Marble Turkey

Marble Turkey

Marble is metamorphosed limestone and dolomitic limestones under heat and pressure, resulting in a new structure as a result of recrystallization, hence all kinds of rocks that can be cut and polished and have commercial value are called marble. It is a mosaic of massive, roughly uniform masses (according to the metamorphism of the way it is spanned) with no gap between the calcite crystals. The veins and swirlings in marble are caused by mineral impurities. The greatest source of natural stone is the mountains, river beds and seas.

gemina-marble-blue Its colors are usually white and gray. However, due to different materials inside of marble, they may also be in colors such as yellow, pink, red, blue, brown and black. When studied under a microscope, it appears to be formed from “Calcite Crystals”, which are firmly interlocked.

Marble is mainly used for floor covering, decorative purpose, fine arts, graves and tombstone. It is the production process that will explain the quality of natural stone. Stone surface finishing is similar to sanding. Lower calf size or longer sanding gives the stone a brighter polished look, while less makes it look more natural. Surface treatment is a design choice. When a modern look is desired, generally polished surfaces are used. They require more precise attention and processing than aged or tumble surfaces which have a natural patina and which will exhibit better wear and tear over time.

gemina-marble-shadow-black Turkey is locating at one of the oldest marble production geography experiencing 4000 years natural stone production background. Turkey is one of the leading countries in terms of marble production, with marble reserves estimated to be over 4 billion m3 and has 40% of the world marble potential. The visible reserves of Turkey, about 1.6 billion tons, are capable of meeting world consumption for 80 years on its own. There are up to 650 marble types in color and texture in Turkey. Marble beds in Turkey were operated by all the civilizations in Anatolia such as Roman, Byzantine Empires and Seljuk, Ottoman Empires. From uncovered reliefs and sculptures in Ancient Greek and Roman Arena to Seljuk Caravanserais, mosques, and Ottoman palaces, minarets and baths are most particular examples of marble. Halicarnassus Mausoleum and the temple of Artemis from Seven Wonders of the World’s hit a mark of this period in history of Turkey. Marble is used richly during the construction of Anıtkabir Mausoleum in modern Turkey.

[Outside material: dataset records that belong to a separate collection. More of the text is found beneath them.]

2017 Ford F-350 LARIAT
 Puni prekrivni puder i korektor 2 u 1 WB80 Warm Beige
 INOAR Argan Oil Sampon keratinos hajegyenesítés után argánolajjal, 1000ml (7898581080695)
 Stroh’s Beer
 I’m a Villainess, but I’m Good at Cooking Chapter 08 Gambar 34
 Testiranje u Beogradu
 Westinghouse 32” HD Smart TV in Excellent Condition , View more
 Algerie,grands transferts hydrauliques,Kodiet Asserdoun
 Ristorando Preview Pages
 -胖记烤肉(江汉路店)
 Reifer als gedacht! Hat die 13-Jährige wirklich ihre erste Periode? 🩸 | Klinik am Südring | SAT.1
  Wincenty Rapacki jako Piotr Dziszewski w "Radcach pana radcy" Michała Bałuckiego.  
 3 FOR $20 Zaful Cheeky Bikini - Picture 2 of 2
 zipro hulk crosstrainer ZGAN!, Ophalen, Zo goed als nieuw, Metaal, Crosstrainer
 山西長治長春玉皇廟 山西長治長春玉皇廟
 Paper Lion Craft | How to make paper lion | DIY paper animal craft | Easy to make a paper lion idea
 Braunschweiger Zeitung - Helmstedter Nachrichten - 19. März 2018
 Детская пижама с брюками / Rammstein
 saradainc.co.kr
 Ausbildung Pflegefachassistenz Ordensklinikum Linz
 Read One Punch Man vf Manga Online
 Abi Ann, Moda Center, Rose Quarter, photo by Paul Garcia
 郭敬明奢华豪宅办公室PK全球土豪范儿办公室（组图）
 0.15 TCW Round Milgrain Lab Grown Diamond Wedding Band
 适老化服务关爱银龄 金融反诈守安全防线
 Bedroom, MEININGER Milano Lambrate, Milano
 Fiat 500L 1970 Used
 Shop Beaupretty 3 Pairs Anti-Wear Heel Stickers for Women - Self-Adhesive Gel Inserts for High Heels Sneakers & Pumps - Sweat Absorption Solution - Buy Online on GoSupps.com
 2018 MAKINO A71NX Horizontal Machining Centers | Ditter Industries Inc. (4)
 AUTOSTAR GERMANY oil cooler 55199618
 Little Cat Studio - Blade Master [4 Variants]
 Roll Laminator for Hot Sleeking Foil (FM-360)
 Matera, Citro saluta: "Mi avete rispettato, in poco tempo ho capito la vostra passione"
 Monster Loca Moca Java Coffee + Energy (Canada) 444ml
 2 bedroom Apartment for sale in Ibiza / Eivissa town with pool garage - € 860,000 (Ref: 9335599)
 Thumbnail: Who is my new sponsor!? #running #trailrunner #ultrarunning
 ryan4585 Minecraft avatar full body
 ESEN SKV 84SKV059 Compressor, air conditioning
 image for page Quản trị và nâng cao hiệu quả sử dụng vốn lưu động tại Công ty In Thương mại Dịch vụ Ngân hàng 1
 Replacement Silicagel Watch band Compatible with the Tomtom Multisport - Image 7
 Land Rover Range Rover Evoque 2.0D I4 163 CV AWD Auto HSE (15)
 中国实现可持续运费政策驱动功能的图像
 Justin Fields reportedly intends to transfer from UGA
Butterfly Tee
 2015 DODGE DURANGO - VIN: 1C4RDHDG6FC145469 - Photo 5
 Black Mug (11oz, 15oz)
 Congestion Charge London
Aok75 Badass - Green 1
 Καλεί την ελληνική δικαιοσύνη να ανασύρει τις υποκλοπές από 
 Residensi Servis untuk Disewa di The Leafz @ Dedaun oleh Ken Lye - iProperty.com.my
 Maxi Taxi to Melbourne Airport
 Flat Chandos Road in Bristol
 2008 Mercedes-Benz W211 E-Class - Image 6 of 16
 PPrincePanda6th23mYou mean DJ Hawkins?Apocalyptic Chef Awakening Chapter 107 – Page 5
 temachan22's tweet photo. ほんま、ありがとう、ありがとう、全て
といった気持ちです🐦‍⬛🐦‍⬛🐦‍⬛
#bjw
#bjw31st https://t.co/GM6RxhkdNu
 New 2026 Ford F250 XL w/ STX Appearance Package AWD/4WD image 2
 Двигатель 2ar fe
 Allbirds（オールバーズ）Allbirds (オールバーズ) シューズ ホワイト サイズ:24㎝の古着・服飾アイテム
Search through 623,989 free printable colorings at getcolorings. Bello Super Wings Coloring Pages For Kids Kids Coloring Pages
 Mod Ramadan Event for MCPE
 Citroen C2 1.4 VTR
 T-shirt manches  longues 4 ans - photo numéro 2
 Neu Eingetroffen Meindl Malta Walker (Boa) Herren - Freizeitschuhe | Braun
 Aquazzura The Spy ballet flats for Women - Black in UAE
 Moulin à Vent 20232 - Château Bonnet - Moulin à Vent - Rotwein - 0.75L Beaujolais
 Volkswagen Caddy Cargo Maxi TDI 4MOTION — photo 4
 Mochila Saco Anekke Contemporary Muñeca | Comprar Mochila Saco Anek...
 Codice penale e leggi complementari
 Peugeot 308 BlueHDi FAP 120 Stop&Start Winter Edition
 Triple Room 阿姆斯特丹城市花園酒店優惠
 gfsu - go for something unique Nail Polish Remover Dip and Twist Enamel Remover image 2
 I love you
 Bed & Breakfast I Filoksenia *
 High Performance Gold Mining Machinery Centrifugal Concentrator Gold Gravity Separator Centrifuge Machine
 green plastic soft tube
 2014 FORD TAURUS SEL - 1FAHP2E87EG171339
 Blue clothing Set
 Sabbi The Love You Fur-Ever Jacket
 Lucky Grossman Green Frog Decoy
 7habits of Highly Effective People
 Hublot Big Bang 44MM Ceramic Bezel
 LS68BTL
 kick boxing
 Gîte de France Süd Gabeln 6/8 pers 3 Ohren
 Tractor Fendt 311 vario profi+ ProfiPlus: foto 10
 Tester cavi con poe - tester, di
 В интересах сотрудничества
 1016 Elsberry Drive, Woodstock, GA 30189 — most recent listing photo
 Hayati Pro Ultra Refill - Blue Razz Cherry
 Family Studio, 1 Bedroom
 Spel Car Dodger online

With over 80 types and 650 different colors and patterns, Turkey has one of the world’s largest natural stone reserves, which is considered to be excellent quality.

Turkey’s marbles are separated according to their type:

1. Light and light-resistant marbles: (Marmara Island “white-gray”), Gebze (apple flower), Afyon (sugar, yellow, tiger post), Bilecik (pink), Ankara (beige or veined) Hereke (pudding), Kırşehir (olive leaf, pearl), Kütahya (pistachio color), Geyve (mahogany), Kayseri (black), İzmir (white).

2. Very crystalline, veined and light-permeable onyxes (agate and albatross). Seben-Bolu (white, green), Söğüt-Bilecik (green, yellow, blackstone), Yunus Emre-Eskişehir (brown), Turhal (green, yellow), Tokat (green), Salanda-Nevşehir (green).

3. The limestone consists of percolated deposits: Afyon (yellow), Denizli (yellow), Kütahya (light brown), Maliköy (white), Pamukkale (white).

4. Well-clamped blisters consisting of very hard stones: Gemlik (green).